Dans les brèves remarques qui vont suivre, je parlerai de la dynamique du printemps arabe puisque tel est le nom donné à la vague de changement socio-politique qui déferle sur le monde arabe. Pour des raisons que j’aborderai plus tard, je préfère employer l’expression de « réveil arabe » pour qualifier ce phénomène.

Je discuterai plus particulièrement ce que j’appelle les « cinq clés pour une culture de liberté, de démocratie et de pluralisme », par lesquelles j’entends les mesures aptes à renforcer les aspirations de changement positif que le Réveil arabe incarne.

L’élaboration d’un programme global en vue de la création d’une nouvelle culture est le point de départ primordial d’un long processus de rétablissement. Le rétablissement doit surmonter les sérieux dégâts dus à des décennies de répression, d’uniformité arbitraire et de dictature.

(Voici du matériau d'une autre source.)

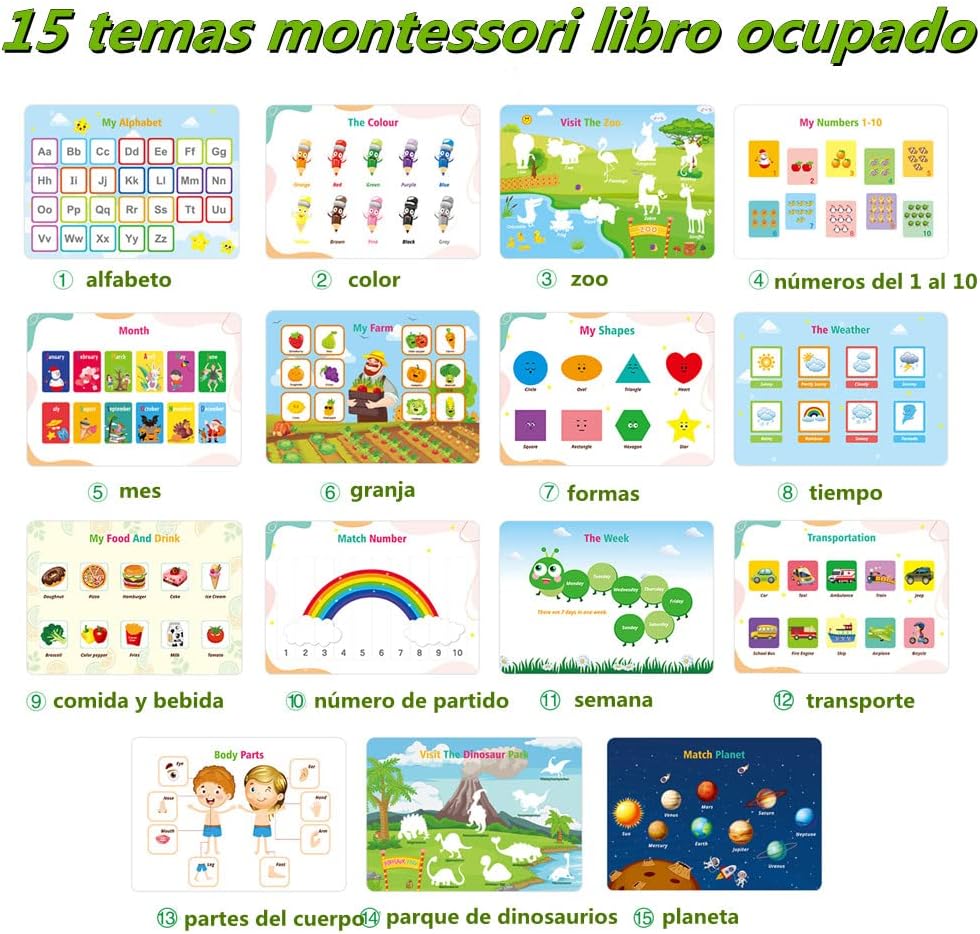 Busy Book™ - Descubre, aprende y diviértete sin límites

A mon sens, les cinq clés de la création d’une nouvelle culture dans le monde arabe sont :
a. La réforme de l’éducation
b. La gouvernance responsable
c. Les nouveaux media en tant que partenaires de la démocratisation
d. Le développement socio-économique
e. Le Liban en tant que modèle viable de démocratie arabe

Qu’il me soit permis d’aborder chacune de ces dimensions

I. LA REFORME DE L’EDUCATION

La première étape en vue d’une nouvelle culture consiste à donner à la jeunesse de la région des preuves tangibles que sa vie s’améliore. Nous devons nous souvenir ici que le « Réveil arabe » était essentiellement le rejet par les jeunes d’un présent fait de détresse et d’un avenir sans espoir. C’est pour changer cette morne perspective que les jeunes – hommes et femmes – sont descendus dans la rue pour réclamer le changement.

Ce sont les jeunes qui ont été le moteur de la révolution et, de ce fait, la campagne en vue d’un changement radical doit commencer par répondre aux préoccupations des jeunes, notamment dans le domaine de l’éducation.

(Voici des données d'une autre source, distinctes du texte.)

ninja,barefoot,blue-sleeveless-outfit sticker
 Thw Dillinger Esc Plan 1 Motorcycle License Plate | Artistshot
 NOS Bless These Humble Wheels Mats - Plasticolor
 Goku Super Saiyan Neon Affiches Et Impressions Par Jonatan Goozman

Si les Arabes sont appelés à devenir des partenaires égaux dans un vingt-unième siècle mondialisé, ils devront maîtriser non seulement le savoir et les technologies mais aussi adopter une nouvelle culture dont les préceptes sont la liberté individuelle, le respect du pluralisme social et les règles démocratiques de la gouvernance.

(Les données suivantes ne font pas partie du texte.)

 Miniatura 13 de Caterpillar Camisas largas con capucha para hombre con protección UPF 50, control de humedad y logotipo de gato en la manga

Les groupes traditionnellement marginalisés au Moyen-Orient – y compris les femmes et les différentes minorités ethniques et religieuses qui vivent dans la plupart des pays arabes – réclament davantage de responsabilités/d’émancipation et d’engagement au sein d’une société civile dynamique.

La réussite de ces efforts d’auto-émancipation nécessitera des leaderships locaux et des activistes.

Par-dessus tout, au vingt-unième siècle, le monde arabe doit parvenir à la stabilité et au progrès en mettant l’accent sur l’enseignement de la tolérance, du vivre-ensemble et du partenariat entre toutes les composantes de la société. Ce but ne sera pas atteint sans le soutien total de la communauté internationale à la communauté émergeante des démocrates arabes.

II. LA GOUVERNANCE RESPONSABLE
Dans un texte resté célèbre, l’historien grec Hérodote rapporte comment, après la mort de leur tyran, un groupe de nobles perses avait discuté de la forme de gouvernement qu’il convenait d’adopter : l’oligarchie, la monarchie ou la démocratie

Aujourd’hui, après la chute des dictateurs en Tunisie, en Egypte, en Libye et au Yémen, le monde arabe est engagé dans un débat similaire, quoique plus vaste et, de ce fait, plus significatif.

Ce débat se fait de jour en jour plus pressant en raison de l’intifada du peuple syrien dans son combat sans relâche en vue de la liberté et de la démocratie.

Lorsque la Syrie se libèrera de la tyrannie et établira un système de gouvernance responsable devant le peuple, les perspectives de raffermissement de la démocratie à travers le Moyen-Orient s’amélioreront.

Dans le but de promouvoir la démocratie en Syrie et ailleurs, un nouvel engagement-cadre entre la communauté Atlantique et le Moyen-Orient doit aider les peuples arabes à identifier leurs propres solutions en vue de réformer leurs sociétés. Seul un partenariat global – et nous devons insister sur le discours/contenu et la substance d’un véritable partenariat – permettra de d’énoncer une vision, de définir des politiques créatives de résolution des principaux problèmes et de fournir les ressources nécessaires.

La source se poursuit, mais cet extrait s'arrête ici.